The RF head of state, when he had to think about the formation of the team of aides, chose the people with whom he has worked for the past four years in the government, Rossiyskaya Gazeta writes. Mostly former ministers of his government will help Putin in his work. Former Health Minister Tatyana Golikova, ex-Minister of Economic Development Elvira Nabiullina, ex-Minister of Natural Resources Yuri Trutnev, ex-Education and Science Minister Andrei Fursenko and the ex-Minister of Communications Igor Shchegolev have become aides to the president. Yuri Ushakov who was earlier deputy chief of the government staff, has also been appointed presidential aide. Given his long diplomatic experience, including nearly 10 years as Ambassador to the United States, it is safe to say that he will be responsible for international relations.
Head of the International Institute for Political Expertise Evgeny Minchenko, quoted by Kommersant, says that the functions of the former ministers, given posts in the presidential administration, and their deputies, who have taken their posts have been divided: “The strategy will be worked out in the administration, and the government – will implement it trough presidential aides that are in charge of ministries.” Vice President of the Centre for Political Technologies Alexei Makarkin also believes that the ex-ministers “will exert political influence” on their successors, and the latter, in turn, “will have direct access to the head of state.” Thus, the expert believes, Vladimir Putin has managed to establish a dual control of the government: on the one hand – “through his direct prot·g·s” (Ministers of Foreign Affairs, Defence and Finance), on the other hand - indirectly, through the ex-ministers who left for the presidential administration, but maintain influence in their departments. “But if we abstract from this idyll, the system becomes quite complicated. It is not clear how decisions will be made and who will be responsible for them - retired ministers or their successors,” the expert said.

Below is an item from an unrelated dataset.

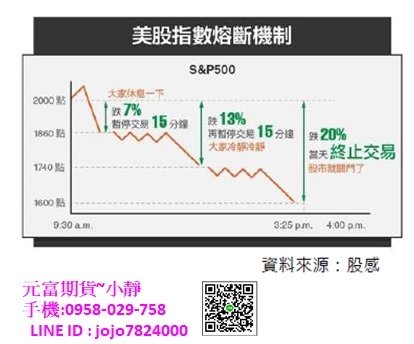 美股熔斷機制.jpg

The Duma opposition saw in Tuesday’s appointments a simple shift of the decision making centre to the Kremlin, Nezavisimaya Gazeta points out. Communist Party (CPRF) leader Gennady Zyuganov is certain: “It is there where the real government will be working, and the new Cabinet will be a backup for the Kremlin.” Experts hold to similar views. Expert of the Institute of Contemporary Development Boris Makarenko is not inclined to attach much importance to the names of Putin’s aides and advisers: “One can only wonder: will the old ministers, as more experienced, try to command the new ones? Or they will just give advice?” According to the expert, another bureaucratic configuration has appeared in the country, and it is already clear that “in actual fact, there has been no personnel renewal.”
The influence of the presidential administration on the government will be considerably increased: it is important for Putin to make sure that the new prime minister does not make any sudden moves, Vedomosti suggests. Taking into account the way the government has been formed, it is the ex-ministers and presidential aides who will now be engaged in the real serious work, believes Pavel Kudyukin, an associate professor in public administration: these posts are not a consolation prize for retirees, but a promotion in some way.